## COLLECTED MATERIAL
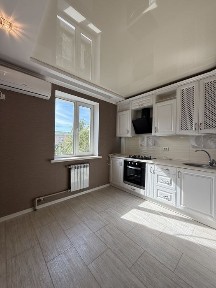 Продаж чудової 1-кімнатної з капітальним ремонтом, Велика Набережна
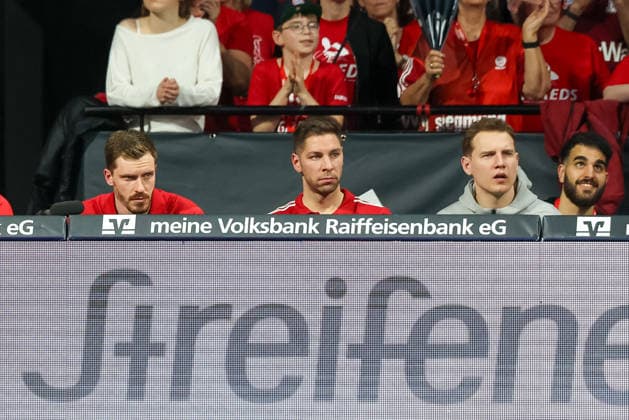 Andreas Obst FC Bayern Basketball, 13 with Leon Kratzer FC Bayern Basketball, 08 and Rokas Jokubaitis FC Bayern Basketball, 31 , GER, FC Bayern Basketball vs Niners Chemnitz, Basketball, easycredit Basketball Bundesliga, 29 Matchday, Season 2025 2026, 12 04 2026, GER, FC Bayern Basketball vs Niners Chemnitz, Basketball, easycredit Basketball Bundesliga, 29 Matchday, Season 2025 2026, 12 04 2026 Munich Copyright: xEibner-Pressefoto JennixMaulx EP_JML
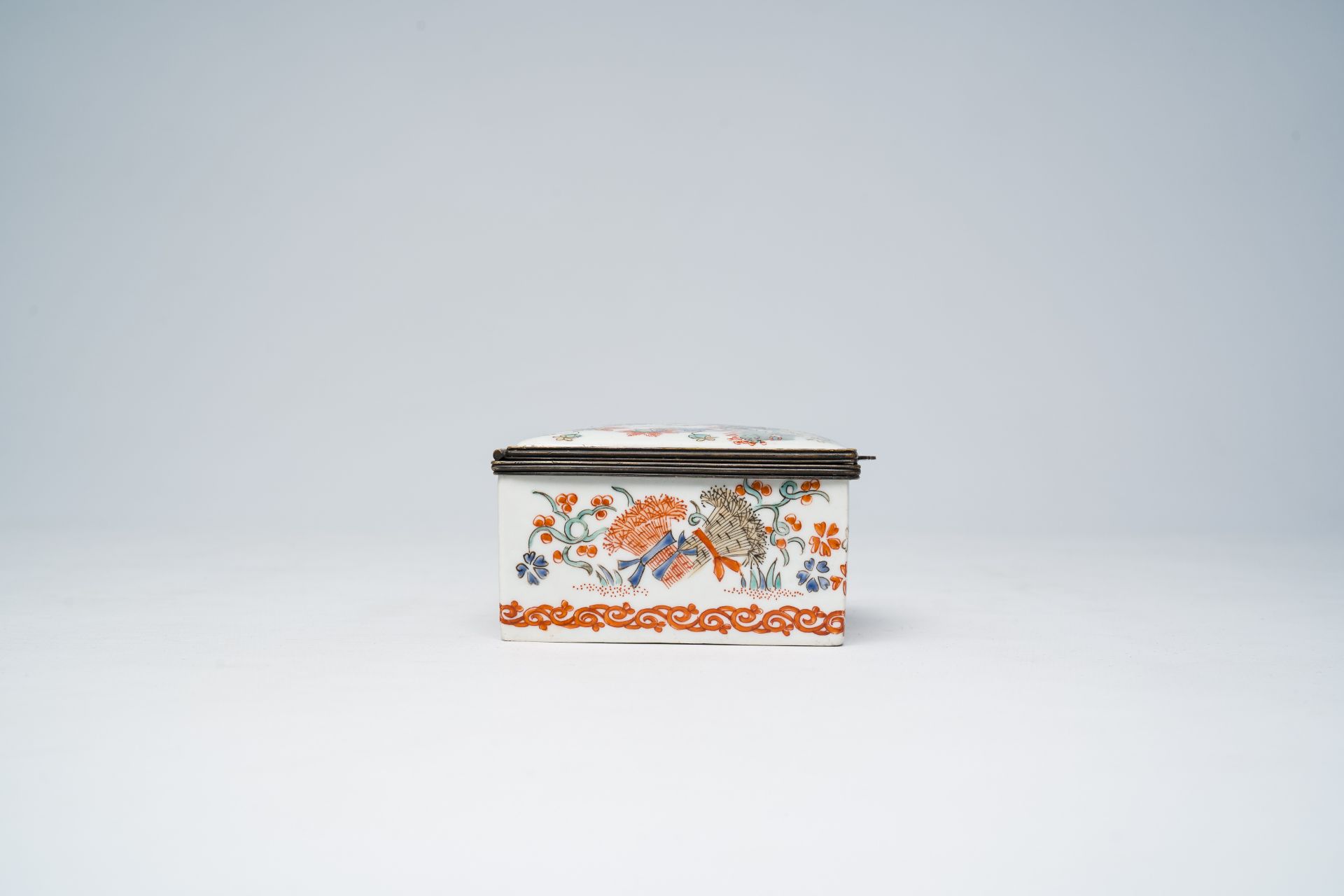 A French Samson Chantilly style box and cover with Kakiemon style floral design, Paris, 19th C. - Image 8 of 8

## WHAT TO PRODUCE
Output the material verbatim, skipping the images.

## EXERCISE RESULT
 Продаж чудової 1-кімнатної з капітальним ремонтом, Велика Набережна
 Andreas Obst FC Bayern Basketball, 13 with Leon Kratzer FC Bayern Basketball, 08 and Rokas Jokubaitis FC Bayern Basketball, 31 , GER, FC Bayern Basketball vs Niners Chemnitz, Basketball, easycredit Basketball Bundesliga, 29 Matchday, Season 2025 2026, 12 04 2026, GER, FC Bayern Basketball vs Niners Chemnitz, Basketball, easycredit Basketball Bundesliga, 29 Matchday, Season 2025 2026, 12 04 2026 Munich Copyright: xEibner-Pressefoto JennixMaulx EP_JML
 A French Samson Chantilly style box and cover with Kakiemon style floral design, Paris, 19th C. - Image 8 of 8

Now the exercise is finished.